***** DATASET *****

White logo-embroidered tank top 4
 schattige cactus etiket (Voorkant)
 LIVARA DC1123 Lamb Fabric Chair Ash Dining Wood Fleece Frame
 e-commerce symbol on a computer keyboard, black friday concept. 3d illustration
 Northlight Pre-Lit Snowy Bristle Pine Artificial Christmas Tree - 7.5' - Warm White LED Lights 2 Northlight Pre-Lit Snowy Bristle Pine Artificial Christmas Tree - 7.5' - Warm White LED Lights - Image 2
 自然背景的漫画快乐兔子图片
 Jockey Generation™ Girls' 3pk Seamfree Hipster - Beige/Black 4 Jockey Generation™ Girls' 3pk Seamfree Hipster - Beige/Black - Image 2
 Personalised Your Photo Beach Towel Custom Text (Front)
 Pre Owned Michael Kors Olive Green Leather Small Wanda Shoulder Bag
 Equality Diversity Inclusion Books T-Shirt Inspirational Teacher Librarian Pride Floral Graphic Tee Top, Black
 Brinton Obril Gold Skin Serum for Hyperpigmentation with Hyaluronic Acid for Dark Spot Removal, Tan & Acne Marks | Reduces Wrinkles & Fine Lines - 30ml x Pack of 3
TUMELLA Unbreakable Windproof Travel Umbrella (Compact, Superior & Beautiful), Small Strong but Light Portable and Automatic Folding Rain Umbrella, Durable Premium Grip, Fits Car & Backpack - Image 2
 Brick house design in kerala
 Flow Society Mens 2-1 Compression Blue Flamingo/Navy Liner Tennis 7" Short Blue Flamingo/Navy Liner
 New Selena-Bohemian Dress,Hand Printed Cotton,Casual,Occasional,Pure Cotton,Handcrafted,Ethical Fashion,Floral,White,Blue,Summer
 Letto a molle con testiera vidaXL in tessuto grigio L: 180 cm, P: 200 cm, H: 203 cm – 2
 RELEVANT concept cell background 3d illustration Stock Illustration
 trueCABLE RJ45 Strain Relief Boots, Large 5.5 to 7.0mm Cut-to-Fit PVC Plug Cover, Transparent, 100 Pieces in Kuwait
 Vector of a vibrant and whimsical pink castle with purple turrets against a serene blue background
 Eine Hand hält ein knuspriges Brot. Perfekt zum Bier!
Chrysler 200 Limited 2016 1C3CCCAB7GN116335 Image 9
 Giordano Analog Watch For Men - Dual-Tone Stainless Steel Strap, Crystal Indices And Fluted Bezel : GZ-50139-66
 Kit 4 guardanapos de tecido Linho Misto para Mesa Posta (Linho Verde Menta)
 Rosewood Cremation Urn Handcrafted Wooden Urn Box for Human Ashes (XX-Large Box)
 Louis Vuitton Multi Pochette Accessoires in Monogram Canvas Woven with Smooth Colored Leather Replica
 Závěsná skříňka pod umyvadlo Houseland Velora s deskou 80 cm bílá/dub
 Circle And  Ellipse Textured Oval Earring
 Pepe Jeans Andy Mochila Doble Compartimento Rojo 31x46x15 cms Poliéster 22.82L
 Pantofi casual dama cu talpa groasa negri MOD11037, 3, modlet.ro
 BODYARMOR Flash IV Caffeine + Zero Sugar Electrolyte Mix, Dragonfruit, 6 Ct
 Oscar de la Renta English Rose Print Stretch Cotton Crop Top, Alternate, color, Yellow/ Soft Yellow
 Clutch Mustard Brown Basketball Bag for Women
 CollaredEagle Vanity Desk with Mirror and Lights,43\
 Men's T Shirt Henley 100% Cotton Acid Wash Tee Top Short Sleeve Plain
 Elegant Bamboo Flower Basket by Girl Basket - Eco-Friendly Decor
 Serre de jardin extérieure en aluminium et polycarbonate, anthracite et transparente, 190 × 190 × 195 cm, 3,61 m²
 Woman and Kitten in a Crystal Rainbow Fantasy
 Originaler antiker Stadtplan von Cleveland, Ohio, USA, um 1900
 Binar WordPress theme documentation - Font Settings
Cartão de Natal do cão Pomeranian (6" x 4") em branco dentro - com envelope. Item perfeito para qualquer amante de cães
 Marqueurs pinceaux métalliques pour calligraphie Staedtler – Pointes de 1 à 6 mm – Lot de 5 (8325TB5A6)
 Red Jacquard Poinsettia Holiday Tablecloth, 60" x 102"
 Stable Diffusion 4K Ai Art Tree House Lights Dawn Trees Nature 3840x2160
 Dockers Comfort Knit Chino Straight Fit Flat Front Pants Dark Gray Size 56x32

*****

PROBLEM STATEMENT —
Beginning with the top line of the data above, output every line exactly until the one that contains "Jockey Generation™ Girls' 3pk Seamfree Hipster - Beige/Black 4", and include that one too.

THE ANSWER —
White logo-embroidered tank top 4
 schattige cactus etiket (Voorkant)
 LIVARA DC1123 Lamb Fabric Chair Ash Dining Wood Fleece Frame
 e-commerce symbol on a computer keyboard, black friday concept. 3d illustration
 Northlight Pre-Lit Snowy Bristle Pine Artificial Christmas Tree - 7.5' - Warm White LED Lights 2 Northlight Pre-Lit Snowy Bristle Pine Artificial Christmas Tree - 7.5' - Warm White LED Lights - Image 2
 自然背景的漫画快乐兔子图片
 Jockey Generation™ Girls' 3pk Seamfree Hipster - Beige/Black 4 Jockey Generation™ Girls' 3pk Seamfree Hipster - Beige/Black - Image 2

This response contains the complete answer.